When the course began back in September I thought this was going to be the longest year of my life – living in a new city, being away from my friends, doing a Masters degree and having to write another dissertation, but here I am now – almost at the end of the second semester.
To be completely honest, part of me thought I would not be able to do it. When the course first started, I felt like an imposter, I felt like I was not supposed to be there – in a room surrounded by people who were probably smarter than me and had it all figured out. I remember asking myself “What are you even doing here? You sure that’s for you? You could’ve at least worked for a year…”
I’m not going to lie – there was a time when I almost dropped out of university. It was for personal reasons and I just remember sitting in one of the classes thinking how this might be my last lecture and how much I would miss all that. But thanks to my advisor, my parents and friends, and my high level of resilience (fellow psychology students know what I mean) I didn’t make what could have been the worst decision of my life. Instead, I told myself I was not a quitter and didn’t give up.

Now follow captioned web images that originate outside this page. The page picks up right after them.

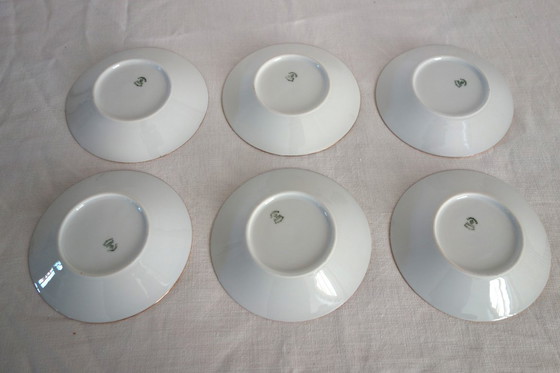 Image 1 of 6 tazas y platillos de Limoges, obra de Robert Haviland, mediados del siglo XX.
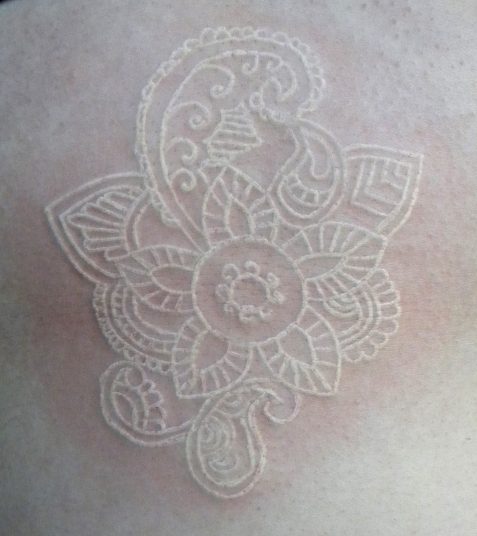 White ink tattoo on pale skin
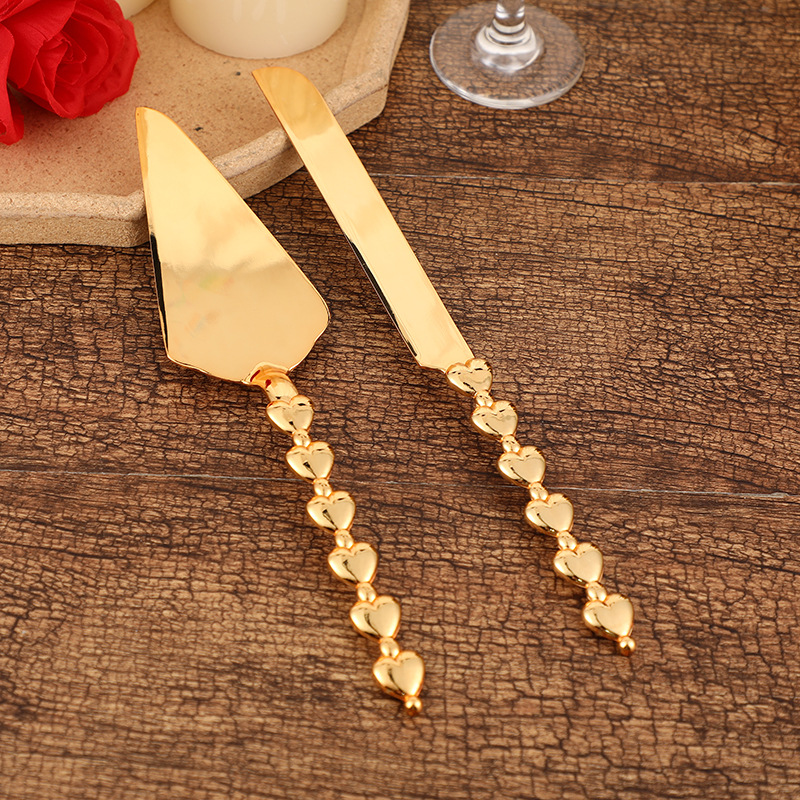 Factory direct supply of European-style golden knife and spatula sets, Western banquet knife and spatula combinations, cake and pizza knife cutting supplies full figure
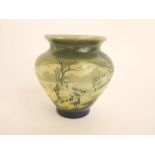 Attractive Cameo glass vase of baluster form decorated in relief with a winter landscape with deer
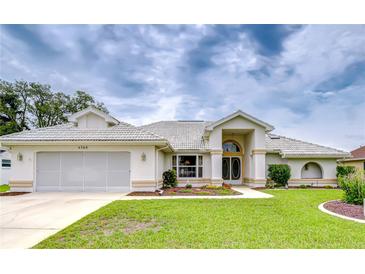 Charming single-story home featuring a well-manicured lawn, arched entryway, and a two-car garage at 4368 Las Palmas Ave, Spring Hill, FL 34606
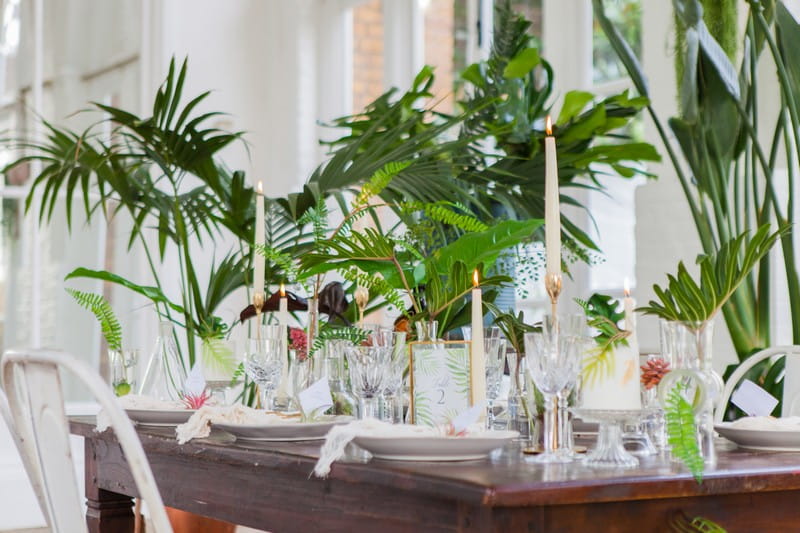 Wedding table styled with tropical palm leaves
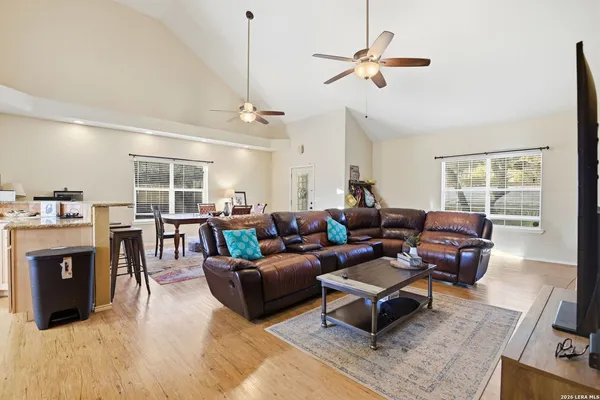 a living room with furniture a fireplace and a window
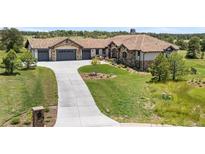 Stunning home boasts a long driveway, three-car garage, and lush landscaping at 8625 Eagle Moon Way, Parker, CO 80134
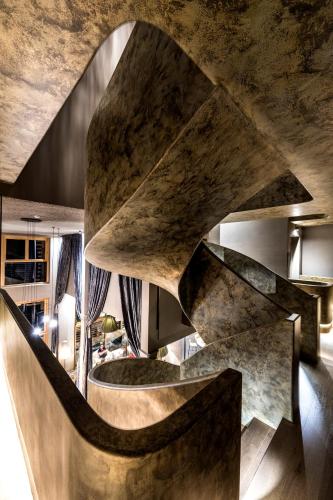 a staircase in a living room with a stone wall at Hotel Valentinerhof in Siusi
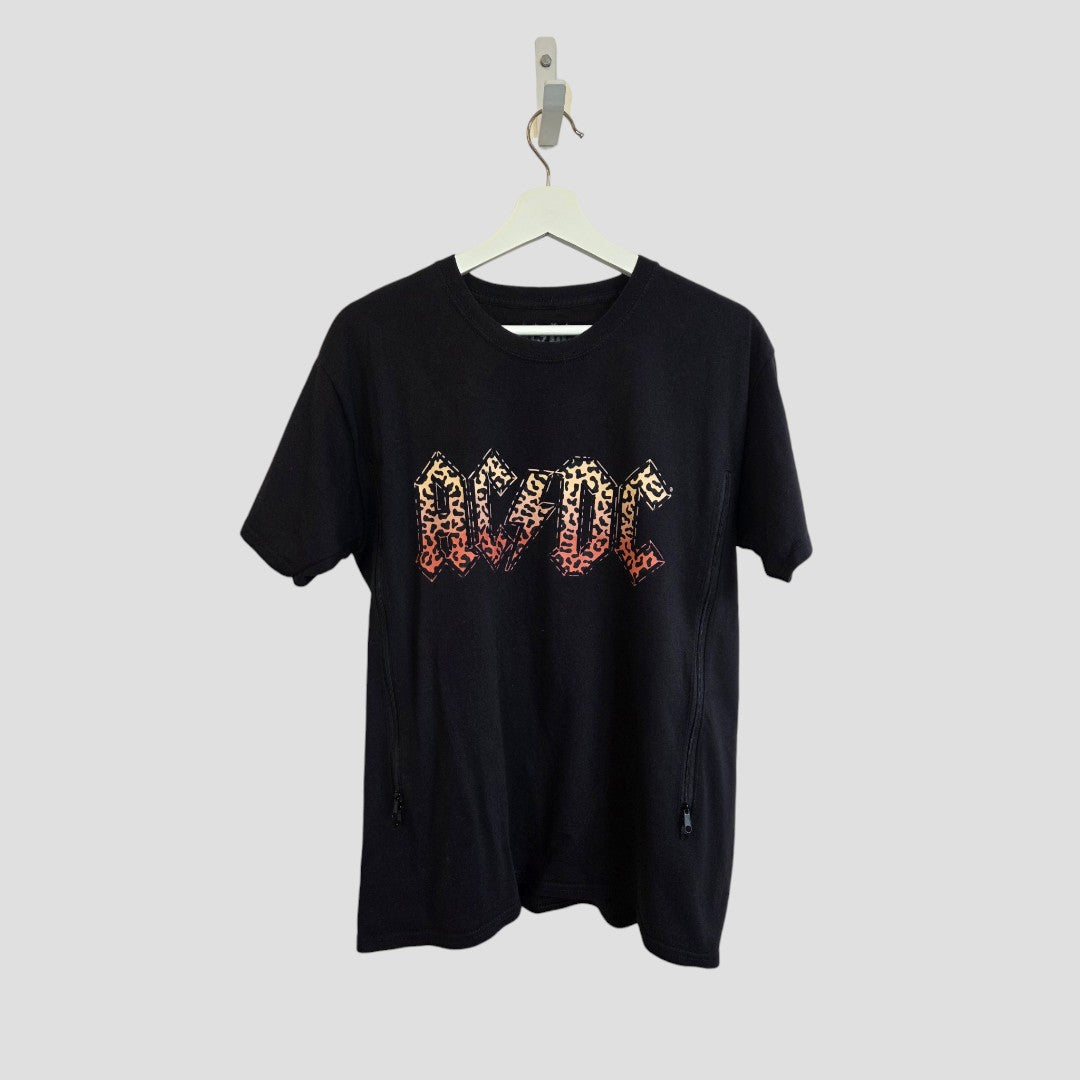 Upcycled black leopard AC/DC band t-shirt (size M) designed for breastfeeding and pumping, featuring a red and orange gradient AC/DC logo on the front, made from eco-friendly materials, hanging on a white hanger against a plain light gray background.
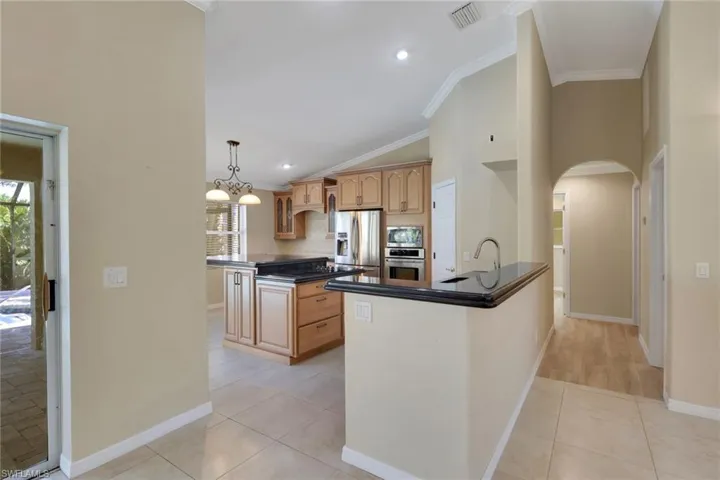 Kitchen with a peninsula, lofted ceiling, light tile patterned floors, a kitchen island, and arched walkways
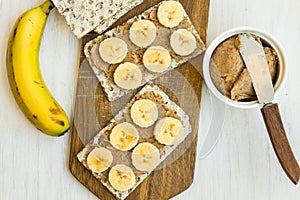 Healthy vegan homemade chunky peanut butter and banana sandwich with Swedish whole grain crispbread on wood cutting board,knife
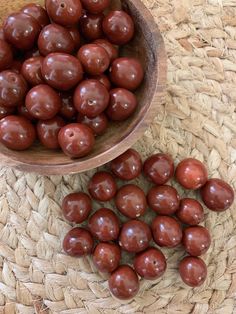 a bowl filled with chocolate covered apples next to another bowl full of chocolate coated apples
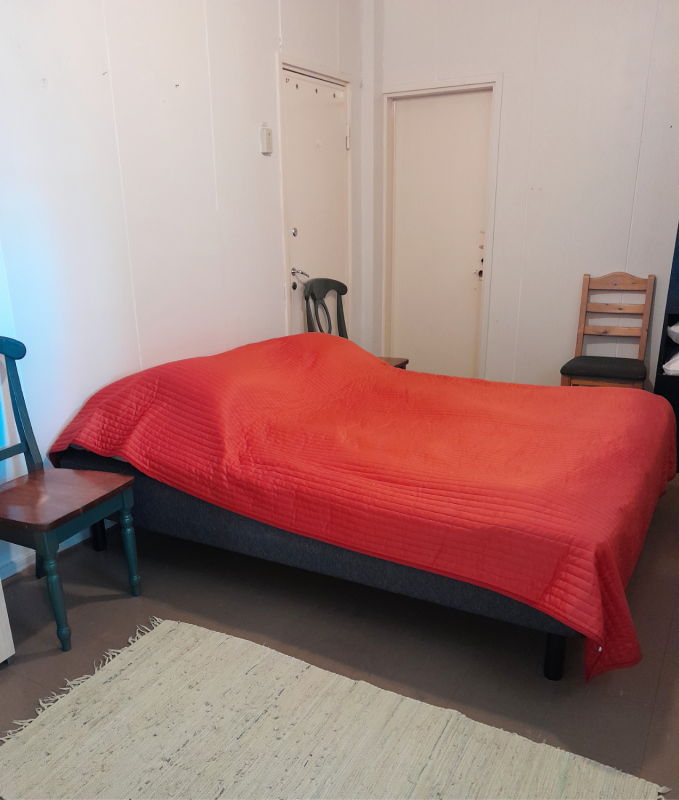 A bed with a red blanket on it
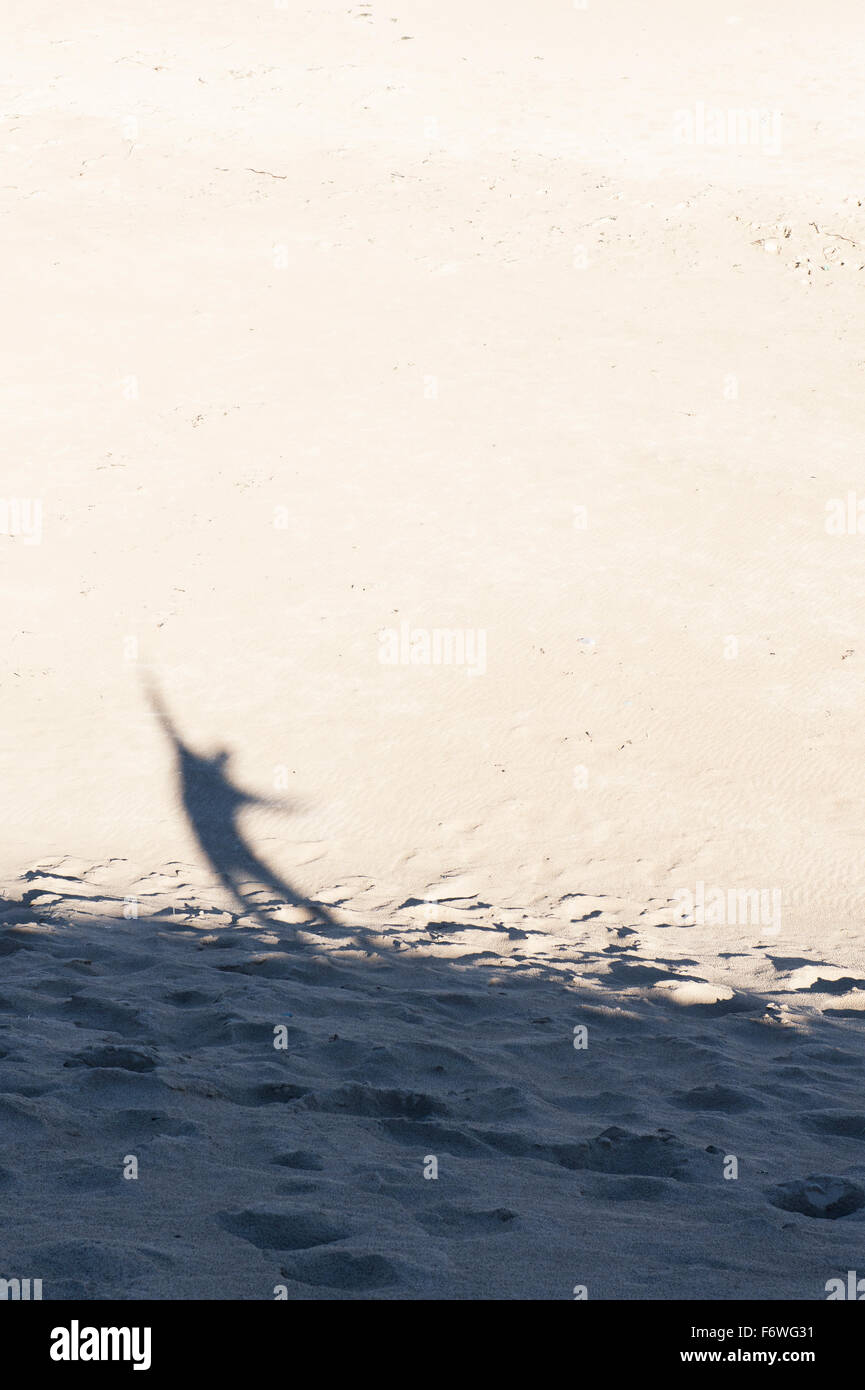 Schatten eines Mannes mit seinen Armen in der Luft auf einer Sanddüne am Strand. UK Stockfoto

Now, more than half a year later, I’m happy I got the chance to come to Manchester and I’m doing a Masters degree at one of the best universities in the world – something some people can only dream of. I have already started working on my dissertation. I was lucky enough to be selected to complete a project that was offered by the Organisational Psychology course. I will be working together with a local call centre and will investigate what causes the company’s high levels of turnover. I’m happy I was selected for this project as this is an incredible opportunity to get real life experience and work with a real organisation. I’m still at the initial stage of doing research and one of my assignments for this month is to write a 10-page critical literature review on my dissertation topic for my supervisor to read give me feedback on. It is a lot of work but it’s definitely helping me get a clearer picture of what I want my dissertation to look like.
What I want to say is that you should not give up on things you want because you don’t feel worth it or good enough. If you are unsure about whether coming to Manchester Uni is for you because you have never been to the UK before, or think that a Masters degree is too complicated, let me tell you something – you can do it.